PITTSBORO — Don’t miss it as you whizz by, nestled along the outskirts of Pittsboro on U.S. 136 heading to Lizton, Pittsboro Golf Club sets just off the road with a full length driving range, putting green, and a perfect place to learn, rehab, or hone aspects of your game.
PGC is a short, nine hole course that plays about 3,111 yards from the back tees. They also have shorter white and red tees. The course is set up links style, meaning that greens and tees segue into one another, creating a back and forth travel across the course.
What makes Pittsboro great is the variety it appeals to. The course staff is as friendly as can be, and the course is used to beginner play, making it not that intimidating if you’re a novice. The holes are generally pretty flat, and after the water hazards on holes one and two, you won’t find another aqua calamity until the ninth hole.
The range offers a place to practice, and you don’t necessarily need to be straight all the time to score the ball well.
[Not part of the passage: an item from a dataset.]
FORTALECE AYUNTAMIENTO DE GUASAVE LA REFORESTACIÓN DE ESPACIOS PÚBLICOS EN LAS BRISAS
Though there are out of bounds pitfalls on several of the holes, particularly if you enjoy hitting the ball left (which most beginners do not), the course plays short and to the right, there are clear shots to your green from adjacent fairways.
This doesn’t mean PGC is a track only for beginners, however. The greens are tiny, and the tee shots from holes 1 through 3 can be tricky. You almost have to be straight on hole three with trees lining both sides of the fairway and actually, hitting the ball long and straight can force uncomfortable approach shots on both one and two. Additionally, all across the course, the greens are significantly smaller than you typically see, making it a fantastic place to work on your short irons, if you’re a good player.
Often, the most befelling shots in golf are the ones that come inside 100 yards where you have to be pinpoint. This course helps you address that issue.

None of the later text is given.